Norconex Filesystem Collector is a flexible crawler for collecting, parsing, and manipulating data ranging from local hard drives to network locations into various data repositories such as search engines.
http://www.norconex.com/collectors/collector-filesystem/
21 stars 13 forks source link

Reference of original inputfile in committer ? #37

Closed jayjamba closed 6 years ago

jayjamba commented 6 years ago

Hi, If I need reference of original input file in my own committer, how can I get that ? Coz the add method contains reference of inputstream after tika extraction. What I want is original input file which was used as an input to tika.

essiembre commented 6 years ago

The reference argument on the add method is supposed to be the original reference. A file path in your case. If that is not the case for you, can you please share your config?

jayjamba commented 6 years ago

I am not using config, but have codified whole config using norconex's api itself. Its that when I am overridding below method @Override public void add(final String reference, final InputStream content, final Properties metadata){ //... }

here actually the reference of inputstream is actually CachedInputStream, how can I catch hold of original file input stream from cached input stream ?

jayjamba commented 6 years ago

Hi Pascal, did you get what I am saying or do I need to add more specifics ?

essiembre commented 6 years ago

The Committer is invoked after a document was parsed and has passed through your Importer handlers. Every time a document is modified, only its latest incarnation is kept. CachedInputStream does not have a reference to the original one. Since you are using the FileSystem Committer, you can use the "reference" argument (which should be a path) to get the original file.

If you do not want a file to be parsed, you can configure the Importer module to not parse certain content types.

You can also set "keepDownloads" to true and add crawler event listener and listen for "DOCUMENT_SAVED" to have a chance to act on it.

Another idea is to write your own Importer handler that will copy the original file to a location of your choice and reference it as a metadata field.

What do you want to do with the original file? Knowing this, maybe I could come up with other suggestions.

jayjamba commented 6 years ago

Well, I want to create snapshot of the original file(1st page of it) for which I need original file. I tried using reference variable but it contains smb in the path so the following doesn't works in add method of committer InputStream fileInputStream = new FileInputStream(new File(reference)); It says file not found exception, coz the reference is like "smb://localhost/..."

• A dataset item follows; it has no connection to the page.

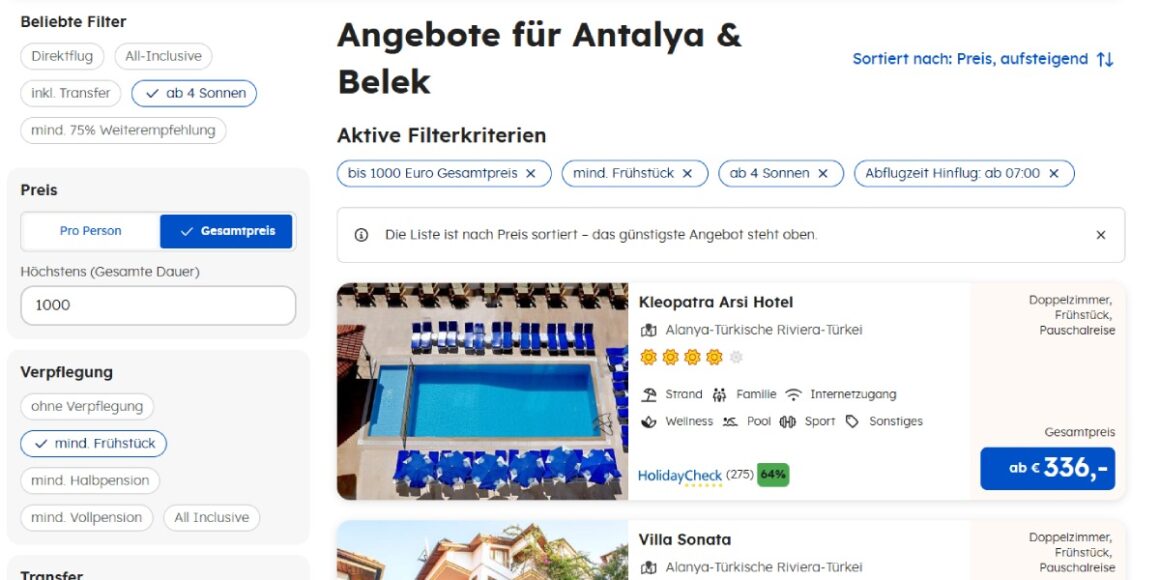 sonnenklar.TV Screenshot Angebotsliste mit Filtermöglichkeiten im neuen Design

essiembre commented 6 years ago

How about the other options I proposed? You can create your own IDocumentTagger as a pre-parse handler that does what you want and store the first page in a document field (or the reference to where you created it).

jayjamba commented 6 years ago

Hi, Yes creating my own IDocumentTagger as a pre-parse handler helped, coz there I was able to get the hold of original input stream to create snapshot. Thanks a ton !

essiembre commented 6 years ago

Glad you made it work! Thanks for the update.